For the well recorded explosion earthquakes, and other earthquakes, Susan made normal seismograms of all useful data channels by playing the tapes at recording speed and the chart recorder at 1 mm/s and 10 mm/s. Initially, there were only 6 channels (limited by discriminators) but after Prof. John Schlue of New Mexico Institute of Mining and Metallurgy had carried out some tests with long period seismometers at Abbotts Peak, he brought back the rack of discriminators which NSF had removed from Scott Base on 7 January 1987, and 8 channels were then recorded.

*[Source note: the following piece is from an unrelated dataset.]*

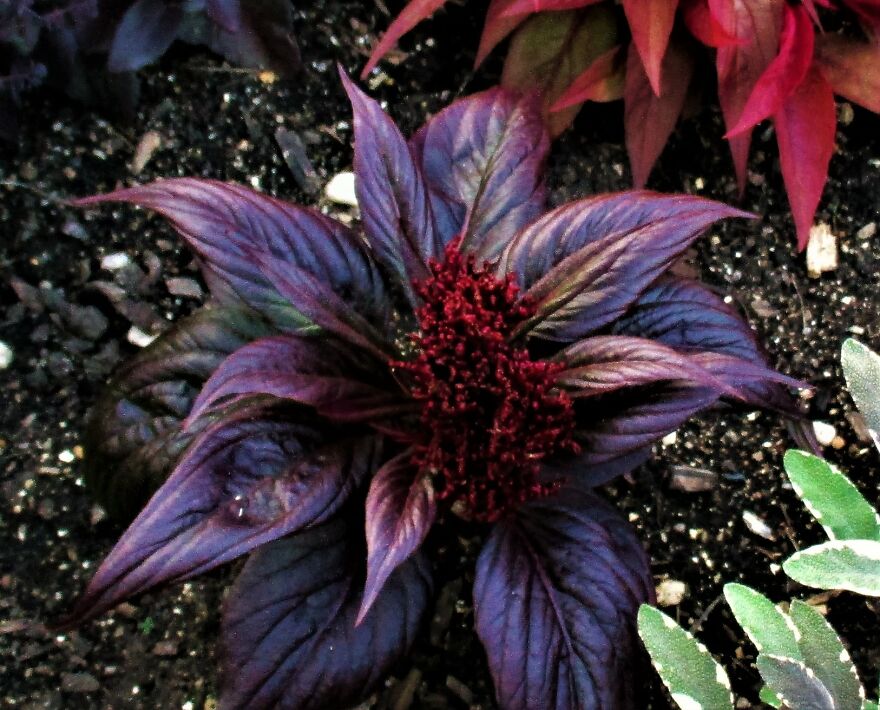 I Take Photos Of Flowers And Plants Around My City Every Summer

Susan's final task, before she returned to New Zealand on 8 January was to replace the Sony Data Recorder which had been recording Erebus data for 2 years, with the one used for playback, and to pack up the playback equipment for return to NZ and Japan.
Mr Stan Whitfield, the Science Lab Technician in charge of MEEMS at Scott Base for 1988, is continuing to record one or more videotapes each day until the power to the camera/transmitter switches off in the winter night, and to scan them, and re-use tapes
In New Zealand, Susan read the seismograms of explosion earthquakes to 4 January 1988, and plotted the time distance graphs and TV origin times. She also plotted the infrared temperatures, and compared them with those measured in the 1986/87 season.
The paper on the TV results presented as a poster at IUGG, Vancouver, September 1987 was written up in Japan for publication by the University of Kyoto Disaster Prevention Research Institute, and presented at their Annual Meeting on 3 February. A comparative study of Erebus and Sakurajima results using computer techniques was begun at Sakurajima Volcano Observatory in February 1988. A list of papers published for 1987 is shown in VUWAE publications.
The recognition of families of "identical" earthquakes is a fast developing area in volcanic seismology, because it enables the work of locating earthquake foci to be reduced and/or made more accurate. It is easy to do using digital seismograms, and then the stacked average seismogram with improved signal to noise ratio, and the residual waveform showing how individuals differ from average are easily obtainable.
Already an important difference between Erebus and Sakurajima has been found: Erebus explosion earthquakes are often identical from onset to coda, but Sakurajima ones become different in the coda, presumably because the source volumes of the explosions develop differently, even though they may initiate in the same place, and thus cause earthquakes with identical onsets.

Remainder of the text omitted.